Serangan Siber XSS Terbanyak di Indonesia, Apa Itu? | BECABUILT

Serangan Siber XSS Terbanyak di Indonesia, Apa Itu?

Jakarta, becabuilt.technology – Ketua Komunitas Anon Cyber Team (ACT), Winardi Adji, mengatakan, teknik XSS atau Cross Site Scripting menjadi serangan siber paling banyak terjadi di Indonesia.
Menurut Winardi, XSS merupakan teknik serangan injeksi kode yang dilakukan dengan memasukkan kode HTML atau client script code lain ke suatu situs web. Serangan ini muncul dan seolah-olah datang dari sistem tersebut.
“Akibatnya penyerang dapat membobol keamanan situs web, mendapatkan informasi sensitif, bahkan bisa menanamkan malware,” kata Tenwap, sapaan akrabnya, saat menjadi pembicara dalam diskusi publik bertajuk “Cybersecurity for Personal” yang diadakan oleh becabuilt.technology bersama Komunitas ACT di Jakarta, Rabu (3 Juli 2019).

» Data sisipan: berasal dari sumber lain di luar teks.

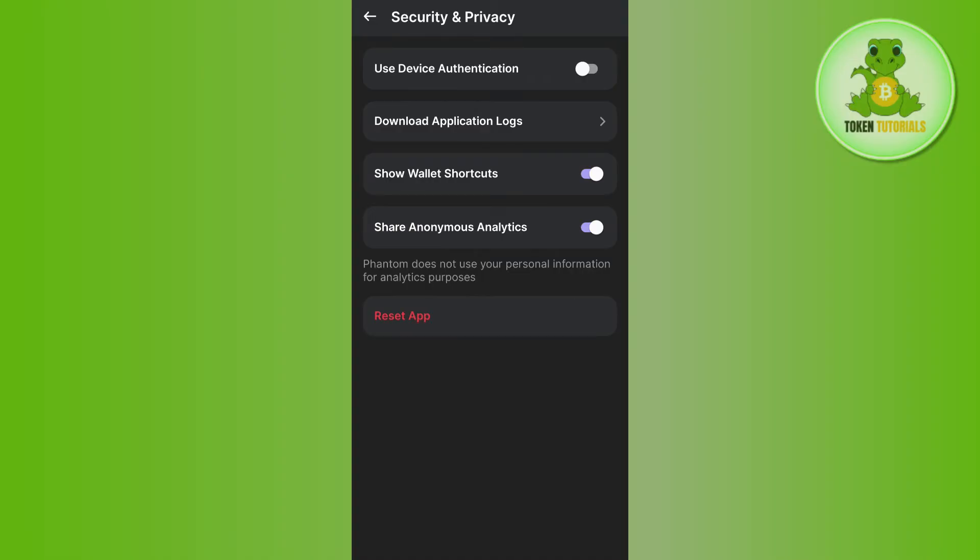Here, you just have to turn the toggle button on right next to Use Device Authentication. Then you just have to provide your fingerprint or you can even use your phone's pattern.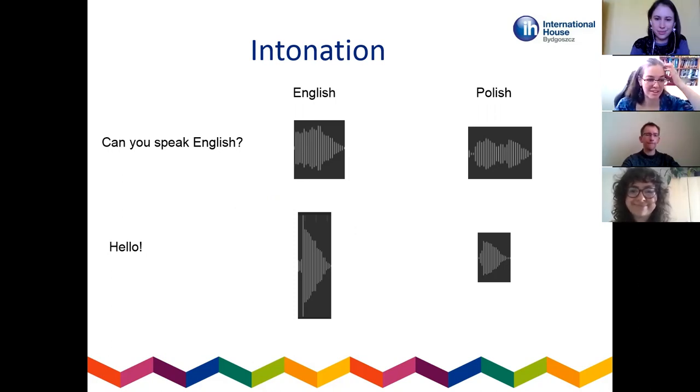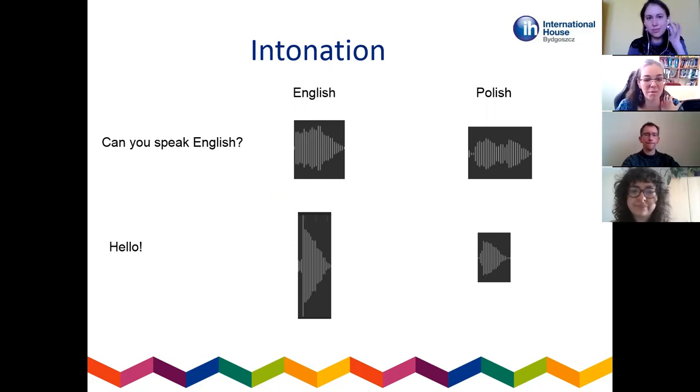That's my whistle-stop tour of three or four things you can do to help Polish students with some of their common pronunciation problems and intonation patterns. Does anyone want to add anything or ask questions? Hopefully that was useful.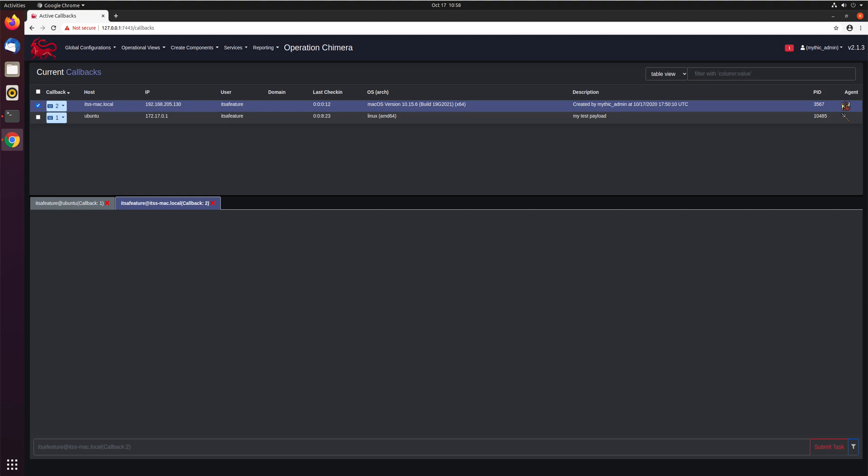Now that we have some callbacks, let's start doing some tasking and seeing what some of the cool things are we can do. So we have a Poseidon callback here and that's dead, and a new Atfel callback from a macOS machine. So let's issue an initial task to maybe list some applications.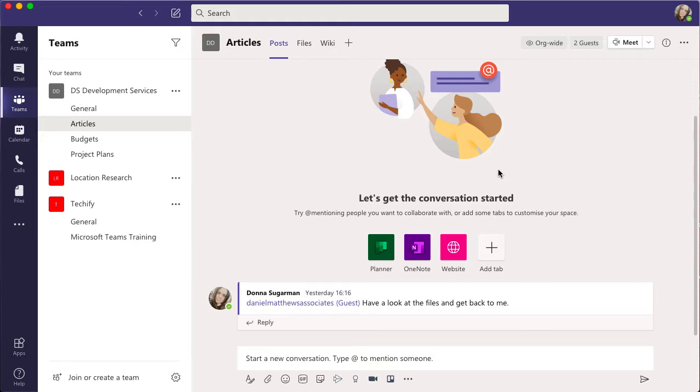In this video we're going to take a quick look at editing and deleting a message within Microsoft Teams. You can do this in a chat or in a channel conversation as well.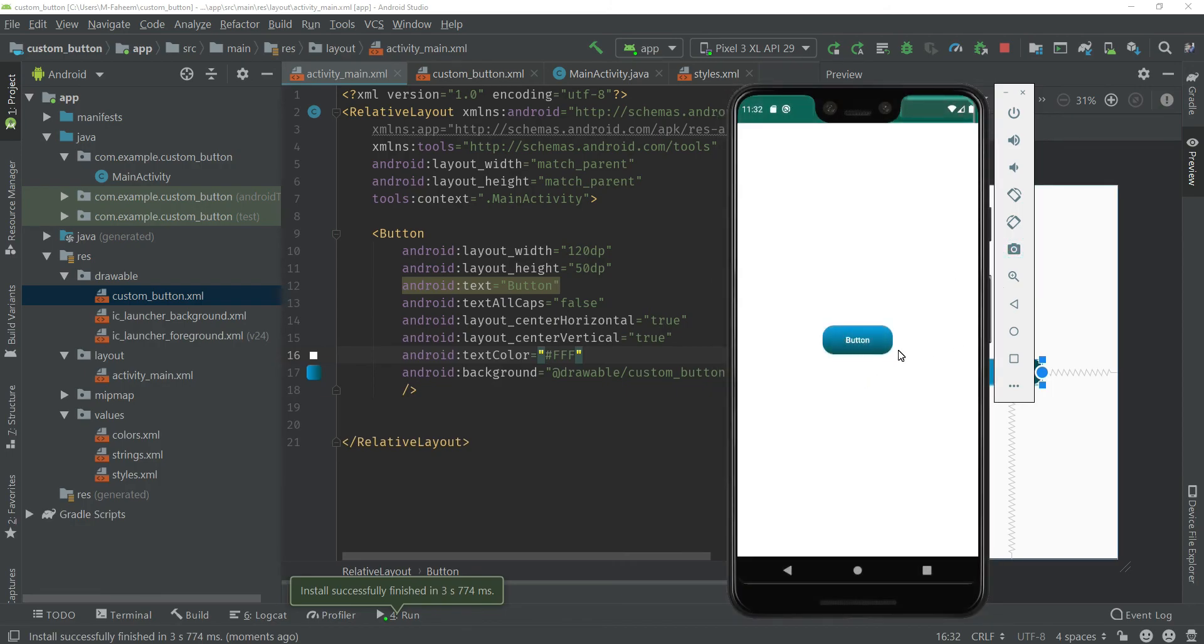This was the method of how to create custom buttons in Android Studio. I hope that you will like this video. If you have any questions you can ask in the comment section and I will try to answer your question. Finally, thanks for watching.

Dalam diskusi itu, Tenwap juga mempraktikkan simulasi serangan XSS. Tenwap mengatakan, biasanya melalui serangan XSS peretas bisa melakukan log-in sebagai admin dengan menggunakan cookies yang sudah diambil sebelumnya. Hal ini tentu membuat penyerang bisa mengubah dan mengarahkan pengguna ke laman web yang diinginkan peretas.
Sebelumnya Badan Siber dan Sandi Negara (BSSN) menyatakan, SQL Injection dan XSS (Cross-site Scripting) menjadi celah keamanan (bug) sistem informasi yang paling banyak dilaporkan para pemburu bug (bug hunter) ke BSSN.
Dalam statistik laporan sejak Januari hingga 29 April 2019, dari 895 buah laporan yang diterima, SQL Injection dan XSS mencapai 637 buah. Kebanyakan bug hunter menemukan celah tersebut di tiga sektor, yaitu pemerintahan, ekonomi digital, dan Informasi Infrastruktur Kritikal Nasional (IIKN).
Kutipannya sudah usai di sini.